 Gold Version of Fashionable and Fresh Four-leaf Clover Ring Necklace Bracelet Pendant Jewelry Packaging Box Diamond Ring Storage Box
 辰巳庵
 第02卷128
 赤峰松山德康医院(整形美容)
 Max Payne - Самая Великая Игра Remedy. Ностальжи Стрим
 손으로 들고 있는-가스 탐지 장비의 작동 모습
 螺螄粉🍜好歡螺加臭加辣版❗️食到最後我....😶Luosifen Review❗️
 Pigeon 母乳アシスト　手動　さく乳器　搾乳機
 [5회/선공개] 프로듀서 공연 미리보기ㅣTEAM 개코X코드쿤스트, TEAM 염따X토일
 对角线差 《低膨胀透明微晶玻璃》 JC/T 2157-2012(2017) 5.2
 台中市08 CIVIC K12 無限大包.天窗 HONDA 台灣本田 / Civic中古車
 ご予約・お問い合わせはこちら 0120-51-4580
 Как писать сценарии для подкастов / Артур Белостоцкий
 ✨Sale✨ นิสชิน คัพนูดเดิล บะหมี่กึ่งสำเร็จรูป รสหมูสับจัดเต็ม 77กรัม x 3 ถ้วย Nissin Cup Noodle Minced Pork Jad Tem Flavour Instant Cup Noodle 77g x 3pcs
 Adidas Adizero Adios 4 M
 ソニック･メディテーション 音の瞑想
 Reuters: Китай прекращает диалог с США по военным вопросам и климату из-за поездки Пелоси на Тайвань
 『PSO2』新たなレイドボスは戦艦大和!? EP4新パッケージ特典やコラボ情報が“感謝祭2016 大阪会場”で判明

--------

Brief:
Nothing should be returned except the lines from the one holding "Как писать сценарии" through the final line of the listing, exactly as they appear.

Output:
 Как писать сценарии для подкастов / Артур Белостоцкий
 ✨Sale✨ นิสชิน คัพนูดเดิล บะหมี่กึ่งสำเร็จรูป รสหมูสับจัดเต็ม 77กรัม x 3 ถ้วย Nissin Cup Noodle Minced Pork Jad Tem Flavour Instant Cup Noodle 77g x 3pcs
 Adidas Adizero Adios 4 M
 ソニック･メディテーション 音の瞑想
 Reuters: Китай прекращает диалог с США по военным вопросам и климату из-за поездки Пелоси на Тайвань
 『PSO2』新たなレイドボスは戦艦大和!? EP4新パッケージ特典やコラボ情報が“感謝祭2016 大阪会場”で判明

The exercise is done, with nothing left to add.